After Kyle visited Santa, we sat in the floor to play with his toy. Someone leans over and makes a suggestive comment, and I knew it wasn’t Robert. I look up and it’s a clown. I tried to not break down and cry in front of Kyle and my coworkers. I find Robert and tell him what happened. I’m fighting tears because of this clown and worried about where he was and if he was coming back to talk to me.
Robert finds the clown and puts his arm around him He gives a nice somewhat gentle ‘squeeze’ to his neck and said that I was his girlfriend he was just hitting on. Actually it was more of hitting a pressure point on the clown’s neck and holding him in that position so he couldn’t move.
Rest of the time there I’m cautious of any of the clowns, but especially that one.
THIS IS WHY I DON’T LIKE CLOWNS!! You don’t know who is behind the make-up.
As we were leaving the event, that particular clown gave Kyle the biggest balloon display I have ever seen. It was a giant palm tree with a monkey and bananas. Insanely huge. We liked to have never fit it in the car. I think it was the clown’s way of apologizing for the mishap. I don’t know; I just know I was ready to go!

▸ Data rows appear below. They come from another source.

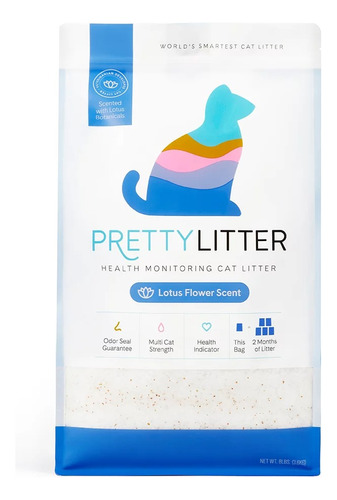 Arena Para Gato Pretty Litter 8 Lbs Escencia Flor De Lotto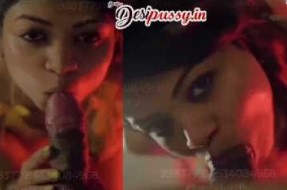 Divya Mitra Giving Blowjob to a Big Dick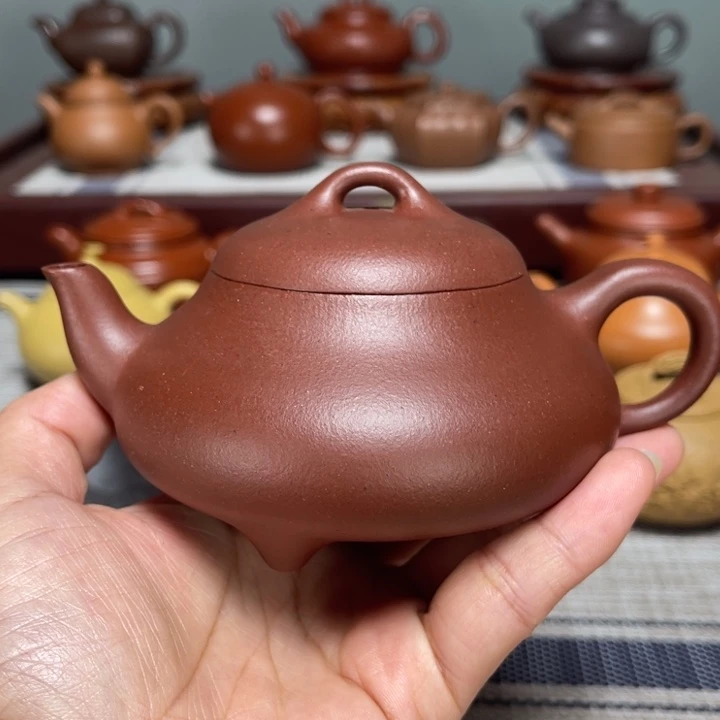 紫砂茶壶全手工制作220cc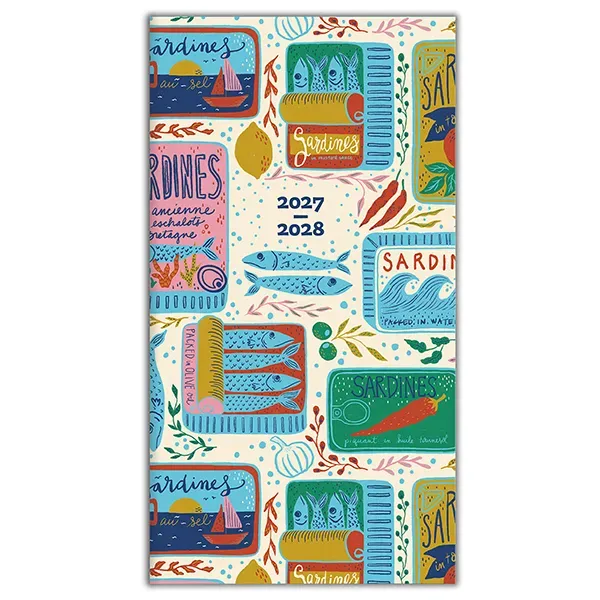 Sellers Publishing Sardine Sensation 2027 zakagenda pocket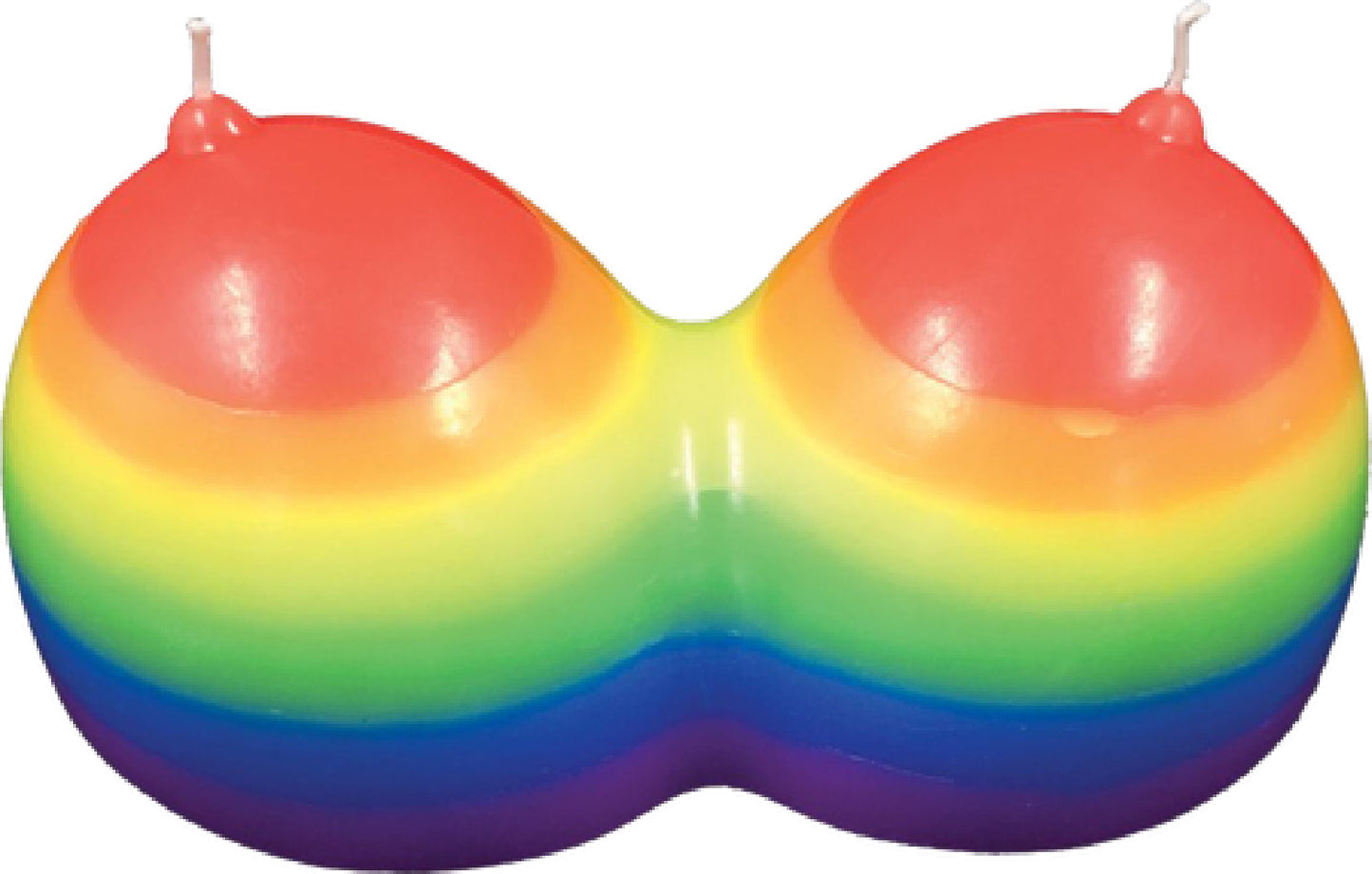 Rainbow Jumbow Boobie Candle – Decorative Candle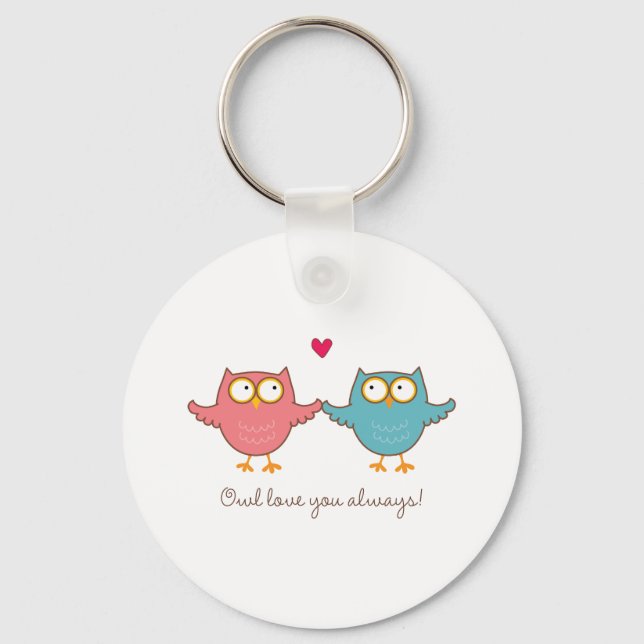 owl love you keychain (Front)
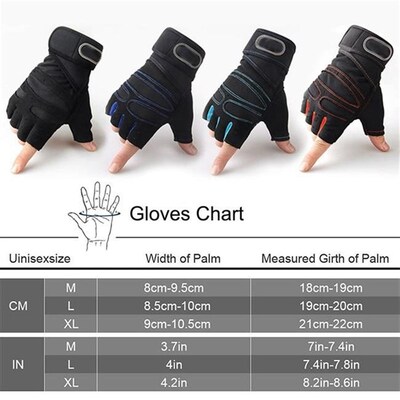 man gym fitness gloves exercise workout glove for men women1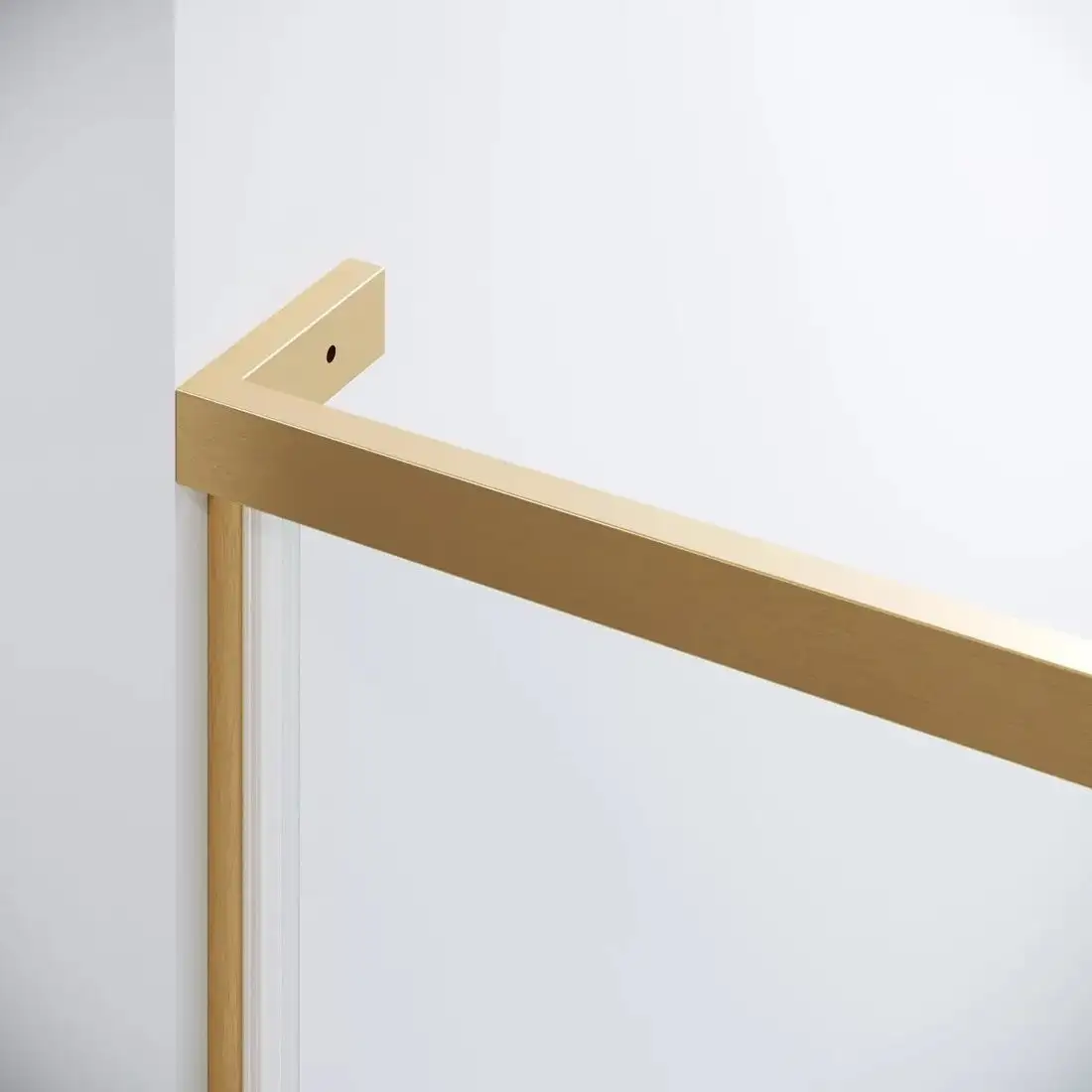 Душевой уголок Grossman Pragma 110x80x195 120.K33.03.1180.32.00 (золото сатин/прозрачное стекло) - фото товара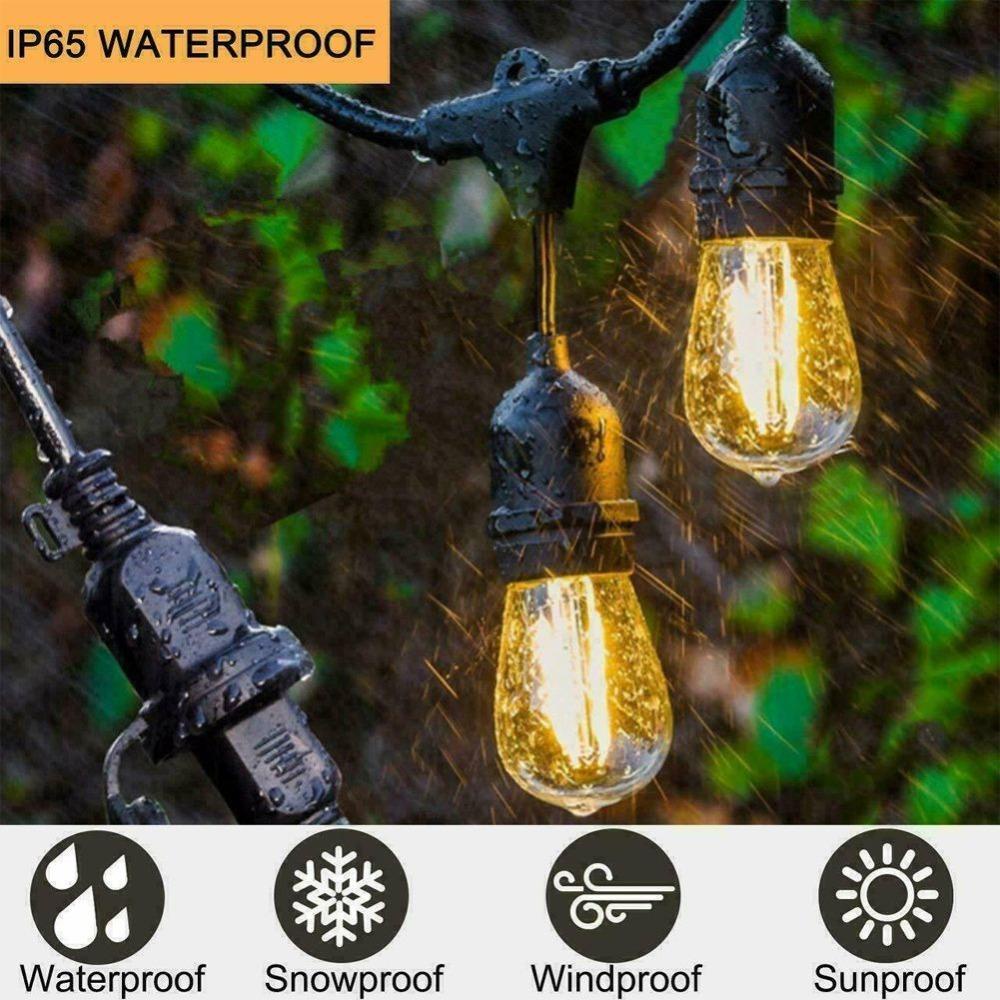 Dây Đèn Led S14 S15M / 10m / 15m Kiểu Retro Dùng Trang Trí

I told Robert after the fact that I was glad the incident remained calm and uneventful. I could read the headlines on the front page paper the next day, “Local martial artist attacks clown at Christmas party full of little kids. News at 11.”
It was quite the story at work about this incident the following week. Word spread like wildfire. I did receive an apology from the group who supplied the clowns. One of my coworkers even brought me a copy of Wall Street Journal where someone wrote an article about fear of clowns. It’s an epidemic. I’m telling you, folks! 🙂
I’m not a fan of Halloween…and I am glad it’s over. I have a year now before I have to worry about this day again. All you crazy people who love Halloween can have it all to yourselves. More for you…
If there were a Grinch at Halloween like there is at Christmas, I’m sure it would be me.